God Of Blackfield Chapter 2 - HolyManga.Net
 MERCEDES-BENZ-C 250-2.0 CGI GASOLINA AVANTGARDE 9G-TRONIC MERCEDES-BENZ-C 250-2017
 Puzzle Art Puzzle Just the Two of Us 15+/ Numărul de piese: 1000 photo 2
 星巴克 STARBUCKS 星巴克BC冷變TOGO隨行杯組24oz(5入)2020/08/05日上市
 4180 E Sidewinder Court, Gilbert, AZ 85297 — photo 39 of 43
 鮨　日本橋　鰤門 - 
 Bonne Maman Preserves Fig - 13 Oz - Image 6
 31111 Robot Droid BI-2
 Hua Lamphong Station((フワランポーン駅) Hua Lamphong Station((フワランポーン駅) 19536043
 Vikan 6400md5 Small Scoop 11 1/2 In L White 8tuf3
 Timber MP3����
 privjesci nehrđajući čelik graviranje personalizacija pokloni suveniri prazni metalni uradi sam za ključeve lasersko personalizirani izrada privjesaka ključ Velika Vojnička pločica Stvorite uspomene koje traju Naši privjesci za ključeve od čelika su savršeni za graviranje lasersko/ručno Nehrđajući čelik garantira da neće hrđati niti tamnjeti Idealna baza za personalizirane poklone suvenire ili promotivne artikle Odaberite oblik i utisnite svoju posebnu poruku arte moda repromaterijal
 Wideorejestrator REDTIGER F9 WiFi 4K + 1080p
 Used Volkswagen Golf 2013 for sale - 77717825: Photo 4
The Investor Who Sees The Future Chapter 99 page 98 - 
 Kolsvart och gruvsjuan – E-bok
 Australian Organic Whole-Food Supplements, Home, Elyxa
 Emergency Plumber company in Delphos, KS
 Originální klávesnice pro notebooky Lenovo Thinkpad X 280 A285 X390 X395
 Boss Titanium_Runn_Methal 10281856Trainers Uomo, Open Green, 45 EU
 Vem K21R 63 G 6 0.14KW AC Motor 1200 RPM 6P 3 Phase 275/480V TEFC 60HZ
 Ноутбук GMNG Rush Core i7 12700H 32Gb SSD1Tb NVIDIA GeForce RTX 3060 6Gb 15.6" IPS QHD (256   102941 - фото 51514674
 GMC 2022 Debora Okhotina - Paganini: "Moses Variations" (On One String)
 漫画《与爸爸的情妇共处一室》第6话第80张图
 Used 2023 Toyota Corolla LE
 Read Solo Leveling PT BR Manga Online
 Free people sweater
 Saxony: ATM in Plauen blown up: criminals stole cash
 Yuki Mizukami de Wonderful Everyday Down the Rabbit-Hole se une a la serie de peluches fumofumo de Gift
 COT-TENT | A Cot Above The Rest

========================================================================

Required work: The word "Used" appears in some lines of the data. Copy every one of those lines.

Written answer:
 Used Volkswagen Golf 2013 for sale - 77717825: Photo 4
 Used 2023 Toyota Corolla LE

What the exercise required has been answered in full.